The recent GDP rebasing puts Nigeria as the largest economy in Africa, with a GDP of $510 billion. The most surprising revelation is that the services sector is the most significant contributor with about 52%, with ICT telecoms accounting for about 9% of GDP, and targeted to grow to 15% by 2015. The major drivers of this growth are: the undersea fibre optic network, providing greater broadband speed at lower costs; favourable demographics, assuring increasingly affluent and youthful population; a booming telecom industry and the demand for efficient telecom technologies. These drivers shall create opportunities and CWG, as always, will take advantage of these openings to create value for our customers and generate additional sustainable revenue streams.
How important is the supply chain to your business?
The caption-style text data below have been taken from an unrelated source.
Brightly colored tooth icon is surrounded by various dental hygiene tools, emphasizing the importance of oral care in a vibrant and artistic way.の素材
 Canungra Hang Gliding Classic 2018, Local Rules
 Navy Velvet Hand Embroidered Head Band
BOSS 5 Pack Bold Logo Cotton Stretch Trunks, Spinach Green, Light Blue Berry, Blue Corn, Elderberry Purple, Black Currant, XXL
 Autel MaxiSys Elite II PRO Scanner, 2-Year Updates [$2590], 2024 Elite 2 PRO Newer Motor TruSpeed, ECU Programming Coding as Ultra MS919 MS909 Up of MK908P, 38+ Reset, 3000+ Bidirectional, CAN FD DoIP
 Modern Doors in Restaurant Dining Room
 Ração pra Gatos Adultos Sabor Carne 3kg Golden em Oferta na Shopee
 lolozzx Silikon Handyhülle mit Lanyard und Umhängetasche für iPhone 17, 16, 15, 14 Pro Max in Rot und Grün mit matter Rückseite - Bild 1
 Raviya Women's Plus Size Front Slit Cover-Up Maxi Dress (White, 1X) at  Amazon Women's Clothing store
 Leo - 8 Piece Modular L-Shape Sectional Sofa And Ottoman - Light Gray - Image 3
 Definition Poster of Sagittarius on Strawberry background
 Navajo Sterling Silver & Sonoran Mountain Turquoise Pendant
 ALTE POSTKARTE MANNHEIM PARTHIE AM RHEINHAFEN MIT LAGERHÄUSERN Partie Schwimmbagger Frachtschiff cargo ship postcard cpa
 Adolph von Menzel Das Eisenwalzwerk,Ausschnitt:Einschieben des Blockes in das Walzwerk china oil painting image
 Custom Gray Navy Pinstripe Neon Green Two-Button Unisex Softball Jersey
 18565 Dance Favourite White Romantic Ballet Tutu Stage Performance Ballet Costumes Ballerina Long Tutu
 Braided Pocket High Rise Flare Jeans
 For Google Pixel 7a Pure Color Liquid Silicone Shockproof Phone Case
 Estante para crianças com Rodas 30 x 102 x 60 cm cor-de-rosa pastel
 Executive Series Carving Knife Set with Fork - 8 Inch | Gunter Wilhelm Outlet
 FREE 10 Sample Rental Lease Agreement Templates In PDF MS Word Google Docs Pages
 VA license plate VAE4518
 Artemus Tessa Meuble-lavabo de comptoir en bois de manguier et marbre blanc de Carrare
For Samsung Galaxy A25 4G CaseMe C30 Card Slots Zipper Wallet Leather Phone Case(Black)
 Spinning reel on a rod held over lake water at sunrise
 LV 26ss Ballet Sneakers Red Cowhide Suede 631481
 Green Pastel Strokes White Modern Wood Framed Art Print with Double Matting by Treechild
Supply chain and logistics are very essential to our business, as we depend on logistics partners to fulfil customers' orders. There has been a major challenge in meeting the demands of a growing economy such as Nigeria. There are however global companies that are moving into the region through local partnerships to raise the efficiency of this key component of business. The cost of logistics is also a major challenge, as it costs about twice the amount to ship a container between two African ports, as it does to ship it from America or Europe. What we have done to mitigate this is to have a stringent system of evaluating logistics partners, and then training them in the intricacies of our supply chain. We also work with the customers to be proactive in their requirements allowing us sufficient time to process their orders.
What are your aims, targets and projections for 2014 and beyond?
We are in the twilight of our last 5 year strategic plan, which we crafted toward the end of 2010. Our vision was to be the number one IT utility enabler in Africa by 2015. As we begin to enter the second half of 2014, I feel extremely confident that we are on course to achieve our aim. We plan to scale in our new subscription business model, possibly though acquisition of similar focused companies in the region. Having listed our shares on the stock exchange, we are confident that we shall be in a position to raise funds to purchase target quality assets, as well as our explosive organic growth.
Has your company won any awards recently?
CWG was selected as a World Economic Forum Global Growth Company (WEF-GGC) at the 2014 WEF, Africa at Abuja in May this year. CWG was selected for this recognition based on our phenomenal growth, global corporate citizenship, executive leadership and impact on the competitive landscape of the ICT industry in Africa.
For the second year in a row, CWG was awarded Most Outstanding Corporate Social Responsibility (CSR) Technology Company of the year. We continued to support our host communities in 2013 by ingraining social responsibility as an integral part of our business model, with focus on the education sector.
What is CWG's secret?
The secret to our success is to keep goals and aims realistic and keep things simple and let whatever you do be the best it can be, rather than the best it should be. We believe that there is always room for improvement, and we do not shy away from exploring possibilities, even if we make mistakes, as we stride towards continuous improvements and significant innovation. We pride ourselves on being industry leaders and take on the responsibility of not just following the track, but also blazing new trails for others to follow.